Why does #shoplocal matter? I recently got an email from Alok Appadurai of Fed by Threads. His message inspired this post and I wanted to share it with you all.
5 Reasons to Shop Local
- When you spend locally, you support the creation of jobs where you live. Those small businesses are likely to spend that revenue on other local services for the business, which further supports jobs.
- You help build community, and where there are strong communities, the economies are often strong.
- You help create jobs that may exist for future generations.
- You redirect wealth from the top 1% of Americans who historically hoard that money to pass along to their children rather than reinvest into our economy. Instead you help spread resources across American families, which helps those families have jobs and puts food on the table.
- In places where people spend at local businesses, crime levels go down (as jobs go up), quality of schools is generally higher, and quality of life is generally higher.
The only thing that could make his message better? A few facts and figures to support it!

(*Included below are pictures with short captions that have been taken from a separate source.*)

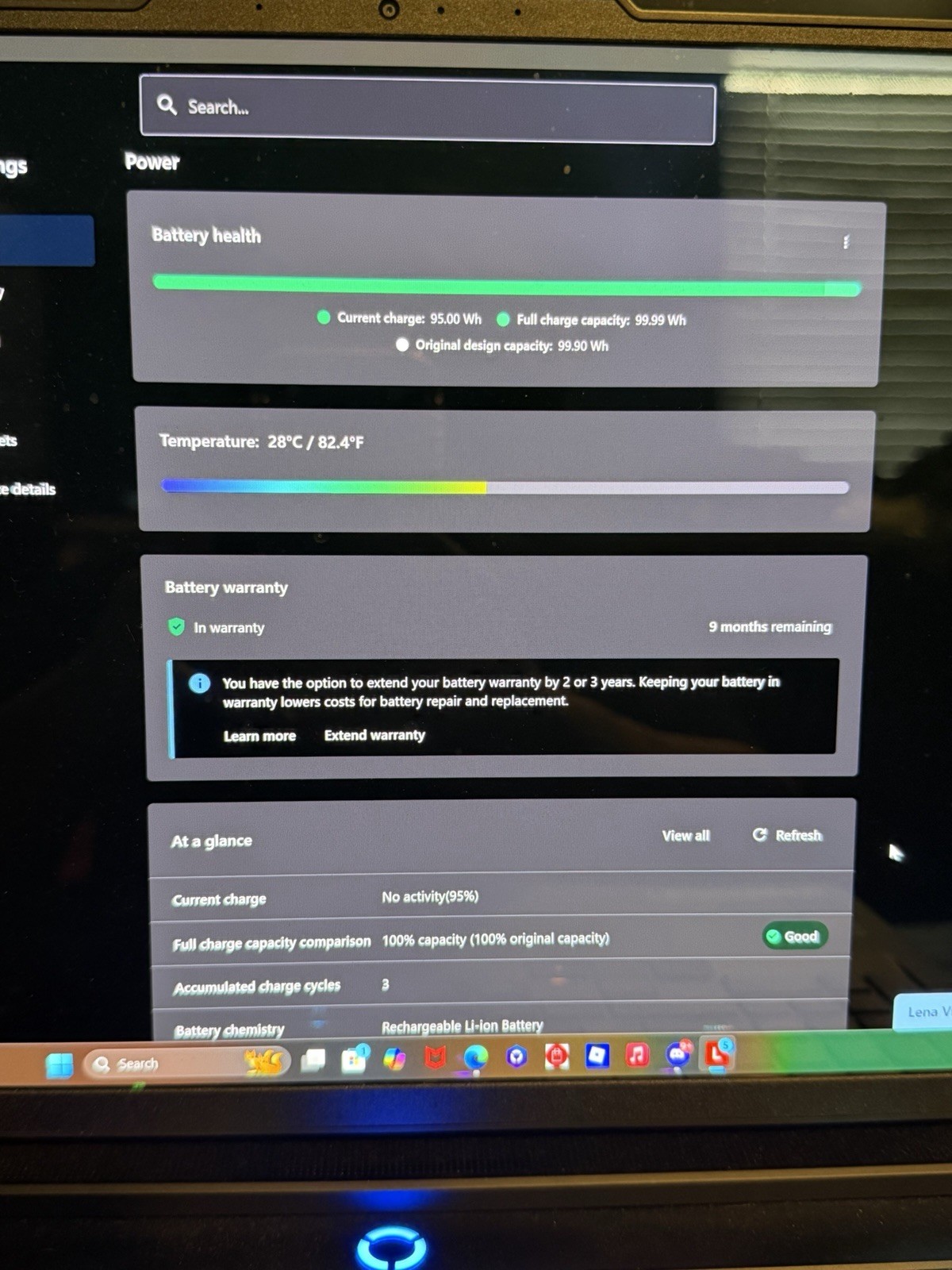 Lenovo Legion Pro 7i 16″ 2.5K OLED Gaming Laptop Ultra 9 32GB RTX 5080 1TB SSD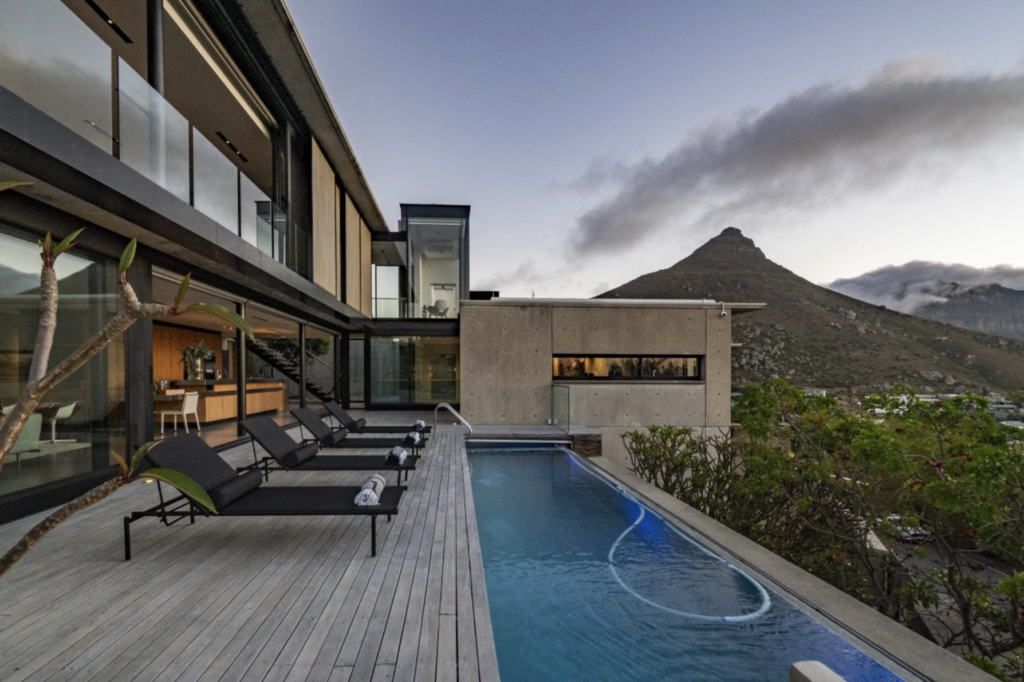 Elysian Villa, Llandudno, Cape Town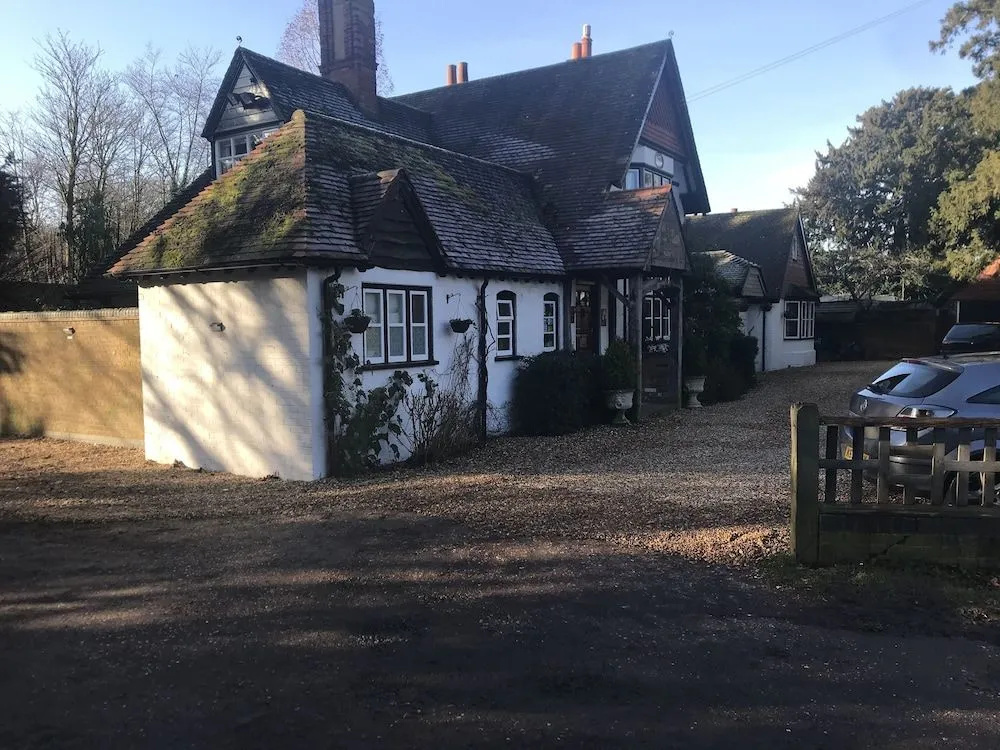 West Lodge Hotel - Général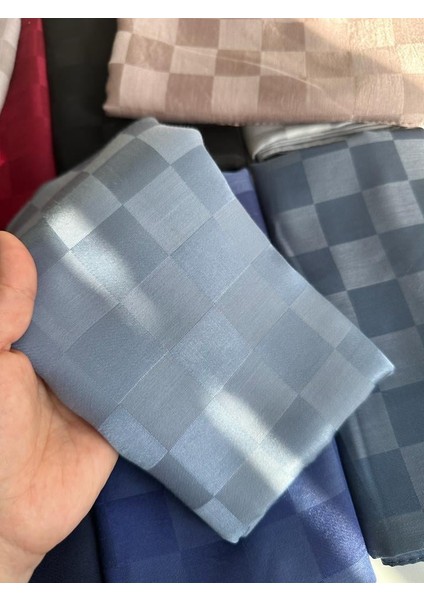 Dama Desen Pamuk Jakar Şal indirimleri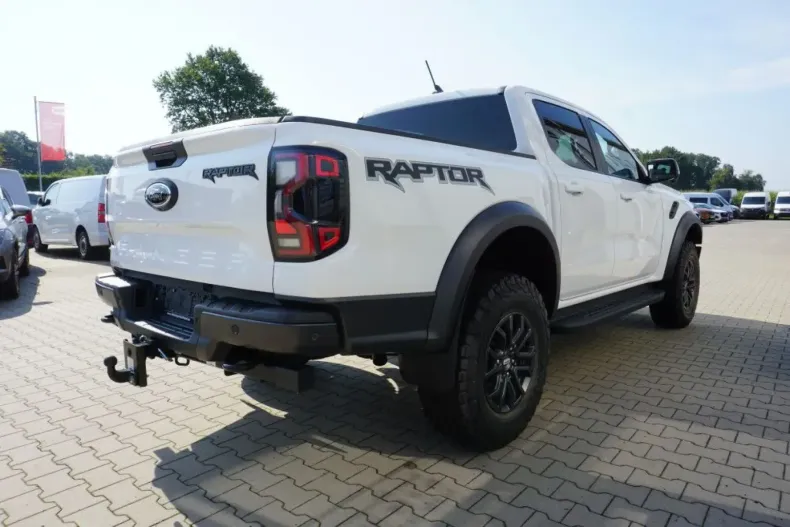 Ford Ranger din 2024 cu 500 km - oferta FOR126310 - foto 3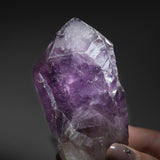 Amethyst Rough - helmsman - crystal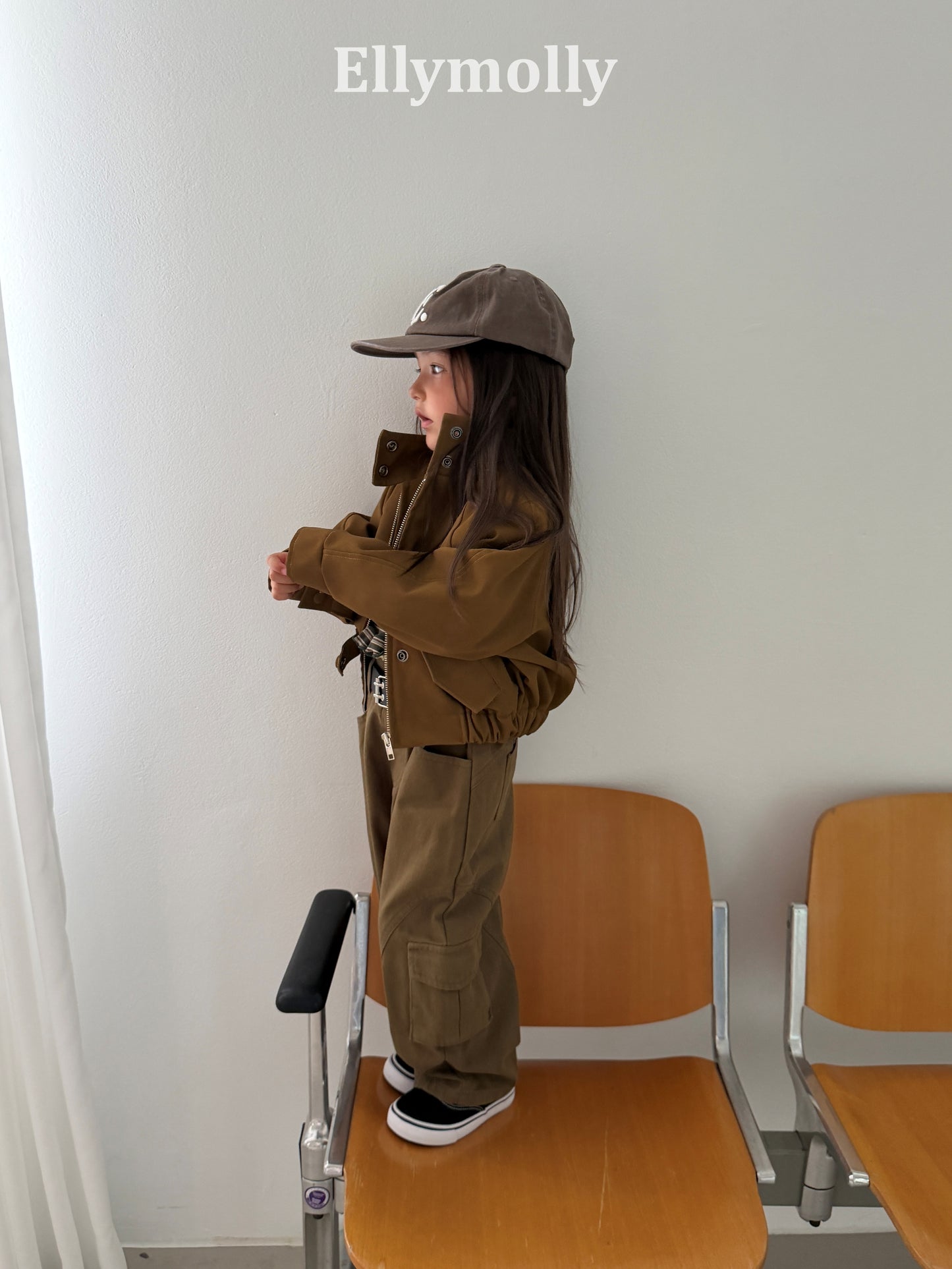 【PRE-ODER〆8.9(sun)】22.Hako Balloon Cargo Pants | ellymolly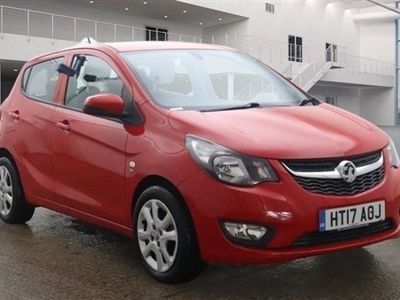 used Vauxhall Viva 1.0 SE AC 5d 74 BHP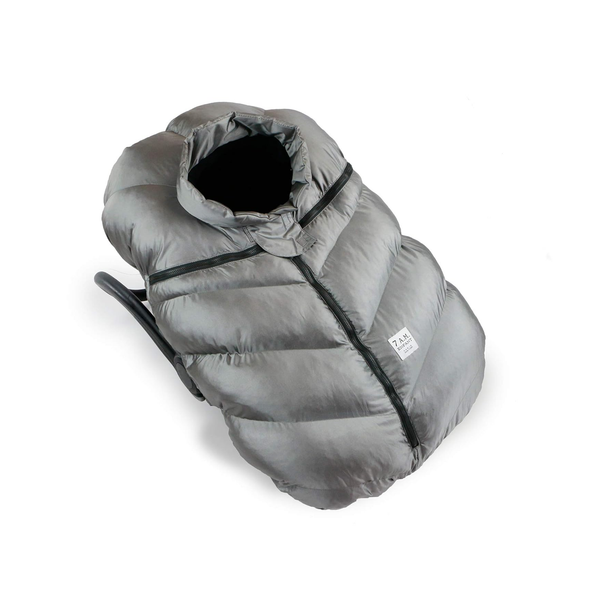 Funda para asiento de coche de invierno 7am Enfant, ajuste universal para asientos de coche infantiles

Co.EXIST cites a Civic Economics reports, “The study for Louisville found that independent stores recirculate 55.2% of revenues compared to 13.6% for big retailers, and that local restaurants recirculate 67%, while big chains do 30.4%.” Imagine getting those results in the city, suburb, or town where you live! When you shop at a locally-owned store, your money is pumped right back into your community instead of being syphoned away to another city or country–where you can’t reap the benefits.
The same study states that in the 10 communities examined, “local retailers produce 3.7 times more economic benefit than spending at chains.” What are a few of those benefits? The article continues, “The extra dollars in the local economy produce more jobs for residents, extra tax revenues for local governments, more investment in commercial and residential districts, and enhanced support for local nonprofits. In short, these businesses create better places.” When you shop at independent restaurants and retailers, your money stays in the community to improve infrastructure, services, and broaden economic opportunities for everyone.
These local businesses also give towns and cities their unique charm, which is excellent for attracting new residents and tourists–who have money to spend, may I add. Having a town with character supports a stronger local economy and welcomes diversity.
Certain types of shops may also reduce crime and improve community relationships. A paper published by the London School of Economics and Political Science suggests that local coffee shops and civic centers provide a safe and interactive gathering place for residents. When people can unite and build relationships with their neighborhoods, they feel better about their communities and will care for them. You can buy coffee at QT and McDonald’s but the results just aren’t the same.
Many of us go to chain stores to shop because we don’t have a lot of local options or we automatically assume the prices and variety will be better at an international retailer. It’s a dangerous cycle. When consumers invest in big-box stores, it can be hard for locally owned businesses to compete. Their prices may increase to stay alive or they cut back operating hours, both of which limit consumer accessibility. Then the small businesses close, resulting in fewer shopping options and less competition for the chain stores. Support local entrepreneurs and stop the cycle!
- Even when your options are limited, support the local businesses that do exist by making them your priority. Step inside. Explore what they have to offer and discover new gift ideas! Nothing nearby? Browse online for local businesses in your state. Many offer online shopping.
- Check tags: if an item claims to be locally handmade, then its tags should reflect that (if there is a tag at all). Sadly, some shops order cheap, handmade-looking items of unknown origins to cut costs. This has become particularly problematic on Etsy and during seasonal festivals. Check the tag and support the shops that truly employ local artists and artisans.
- Stay in tune with civic events and show your support for the development and introduction of independent businesses in your community.
I’m looking for new businesses to love! Share your favorite local business below!
4 thoughts on “5 Reasons to Shop Local”
If you like locally owned restaurants in Roswell (SE corner of Mansell Road & Hwy 9), Athens Greek Restaurant is owned by two brothers, and they’re the quintessential mom & pop restaurant that offers no thrills other than to-die-for gyros and platters. No, I’m not being paid nor know them personally, I just love their food and simple atmosphere, as I’m sure you will too.
Greek food in Roswell? Sounds great! I’m out there quite often so I’ll have to stop by.
The Cork Boutique and Gifts in Covington, Georgia. I think it is such a lovely place. It really brings class to Covington. They have a wide selection and decent prices.
Hi Calesta! Yes, I’ve been with Cork with friends. Loved it! Be sure to check out their monthly wine tastings when you get a chance.